_THE PROBLEM_
I would like the lines below, from the one with "this 1024×575 image." through the one with "this 1200×800 image.", copied exactly and without any pictures.

_LISTED RECORDS_
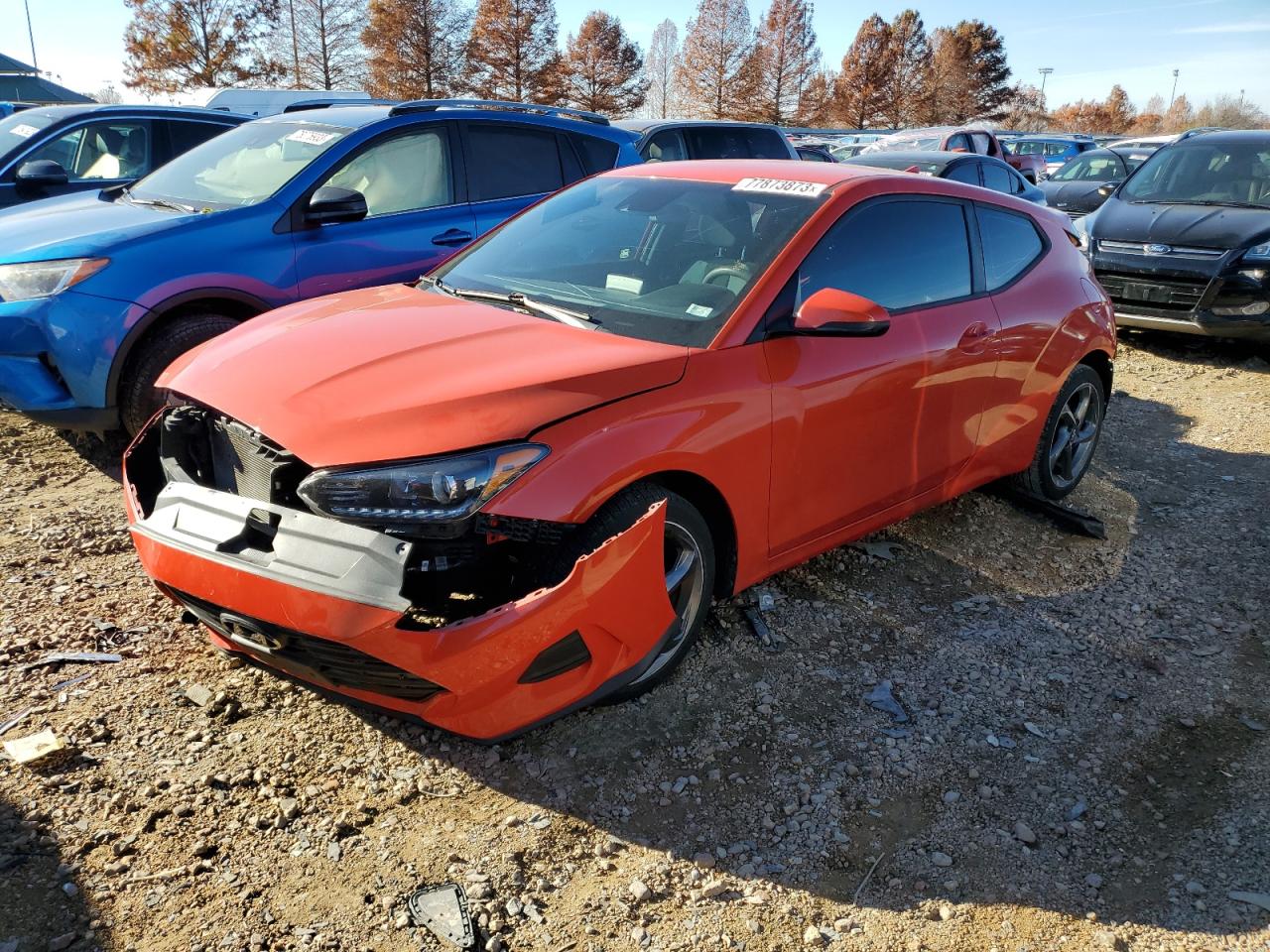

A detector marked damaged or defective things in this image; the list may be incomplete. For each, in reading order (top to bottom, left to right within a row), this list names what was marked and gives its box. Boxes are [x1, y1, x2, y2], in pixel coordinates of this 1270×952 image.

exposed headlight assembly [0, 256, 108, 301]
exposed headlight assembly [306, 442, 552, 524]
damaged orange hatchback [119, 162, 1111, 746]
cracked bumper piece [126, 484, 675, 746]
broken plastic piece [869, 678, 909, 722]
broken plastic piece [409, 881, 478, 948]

---

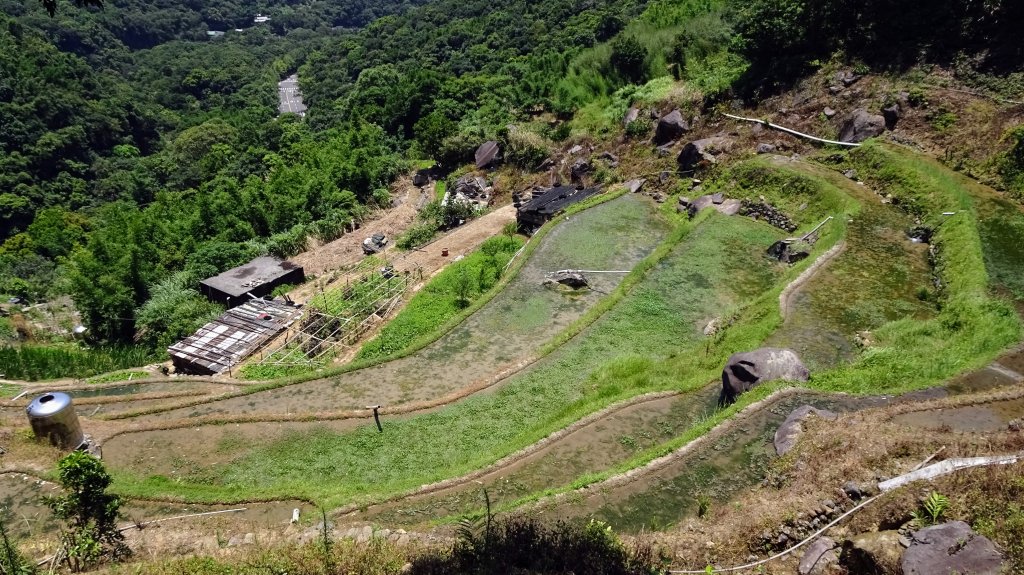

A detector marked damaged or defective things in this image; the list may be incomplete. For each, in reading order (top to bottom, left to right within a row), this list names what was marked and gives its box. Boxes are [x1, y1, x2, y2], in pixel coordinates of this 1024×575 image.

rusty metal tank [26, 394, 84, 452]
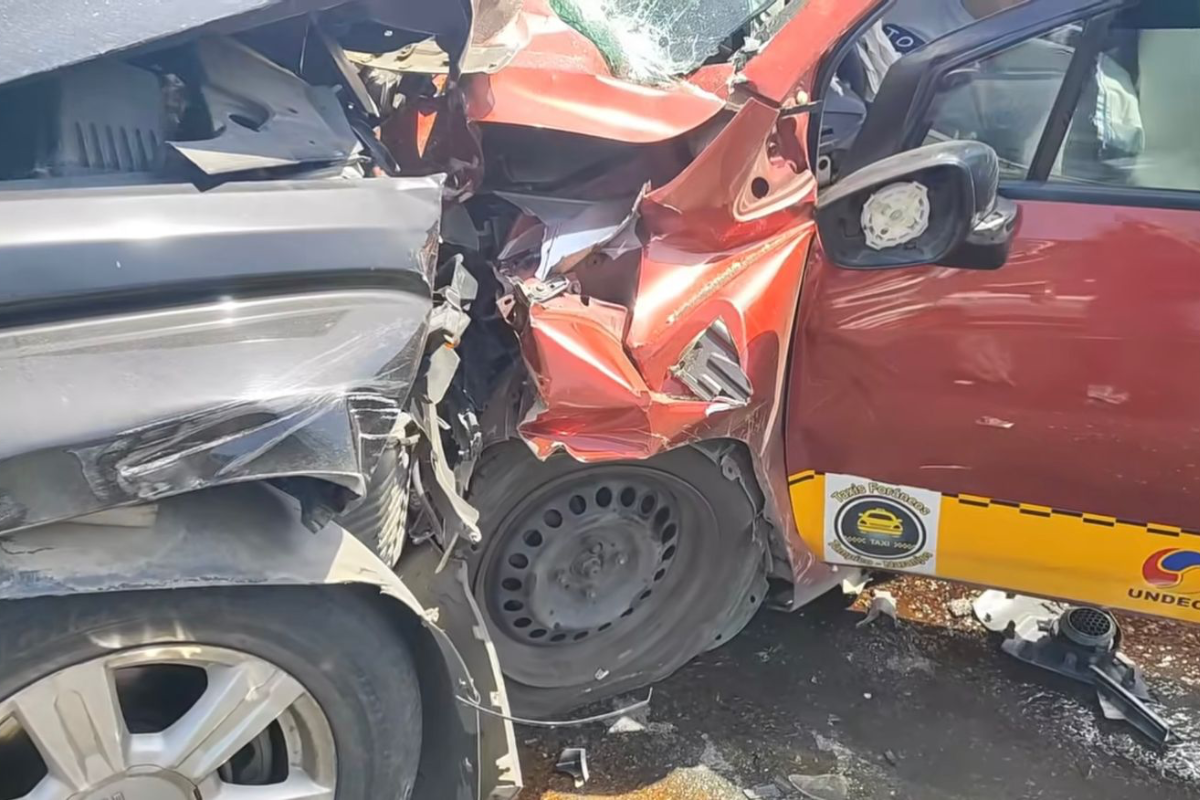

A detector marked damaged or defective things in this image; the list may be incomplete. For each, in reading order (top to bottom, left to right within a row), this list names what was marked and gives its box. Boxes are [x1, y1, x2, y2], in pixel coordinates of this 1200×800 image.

---

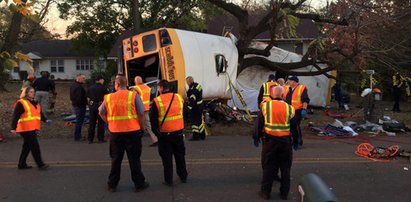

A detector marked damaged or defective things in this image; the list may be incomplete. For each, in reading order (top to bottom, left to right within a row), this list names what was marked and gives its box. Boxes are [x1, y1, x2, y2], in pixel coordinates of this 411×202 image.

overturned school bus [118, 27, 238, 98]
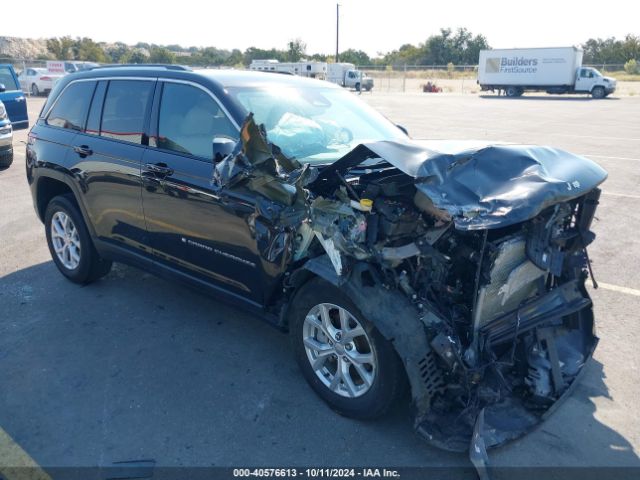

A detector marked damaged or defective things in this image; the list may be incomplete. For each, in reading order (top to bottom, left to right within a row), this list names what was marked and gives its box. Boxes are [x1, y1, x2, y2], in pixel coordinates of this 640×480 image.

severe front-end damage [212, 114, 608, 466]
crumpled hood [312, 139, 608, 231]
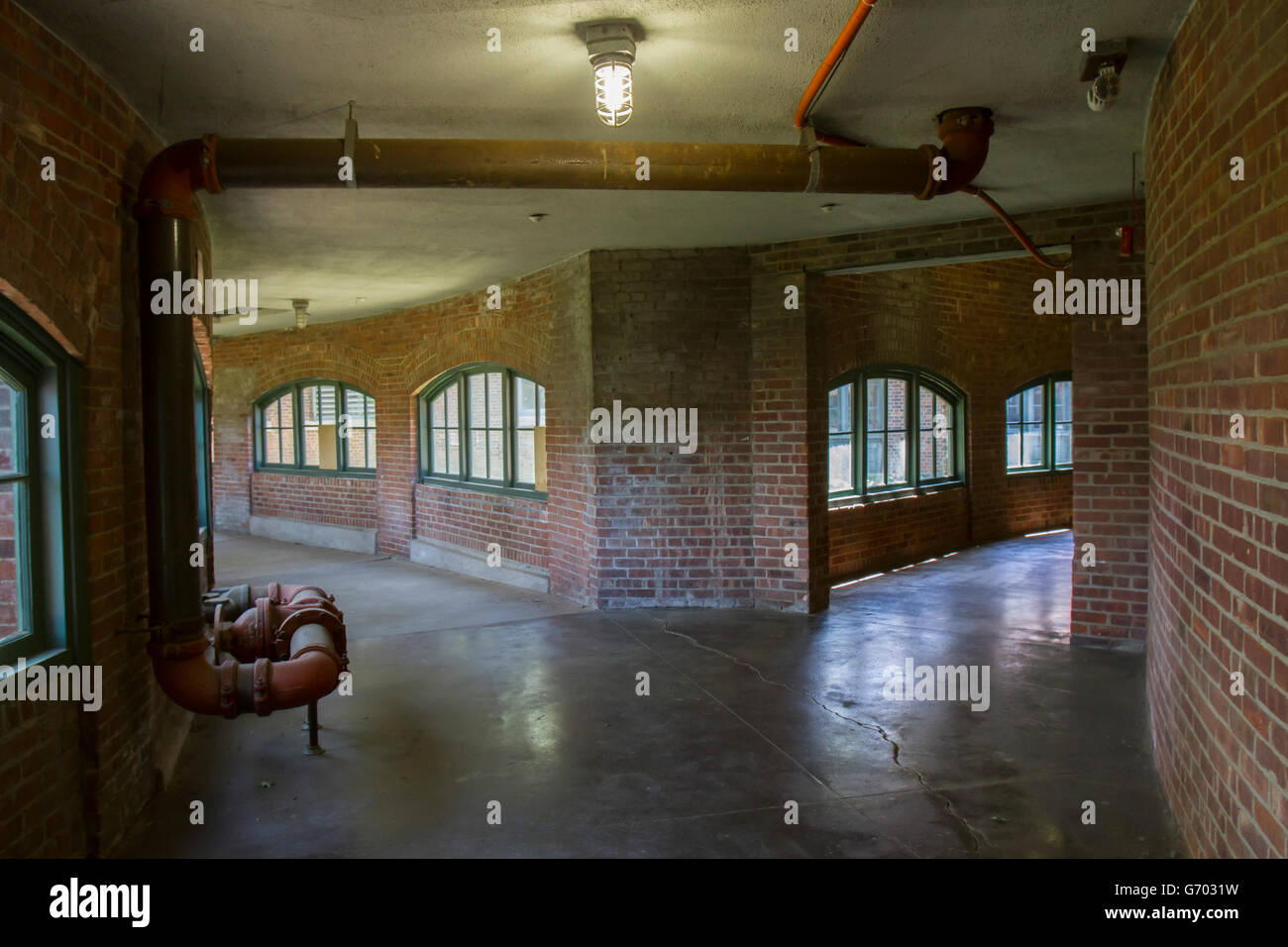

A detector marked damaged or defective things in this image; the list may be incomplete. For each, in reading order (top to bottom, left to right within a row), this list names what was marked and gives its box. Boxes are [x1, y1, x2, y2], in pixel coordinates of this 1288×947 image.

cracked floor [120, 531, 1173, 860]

_RESPONSE TO THE TASK_
A detector marked damaged or defective things in this image; the list may be incomplete. For each, in reading order (top to bottom, left to right within a row), this list names what was marked and gives its box. Boxes are [x1, y1, x2, y2], in pixel coordinates of this 1024×575 image.

rusty metal tank [26, 394, 84, 452]

A detector marked damaged or defective things in this image; the list may be incomplete. For each, in reading order (top to bottom, left to right within a row), this list names what was marked and gives its box. Boxes are [x1, y1, x2, y2], in pixel coordinates of this 1200×800 image.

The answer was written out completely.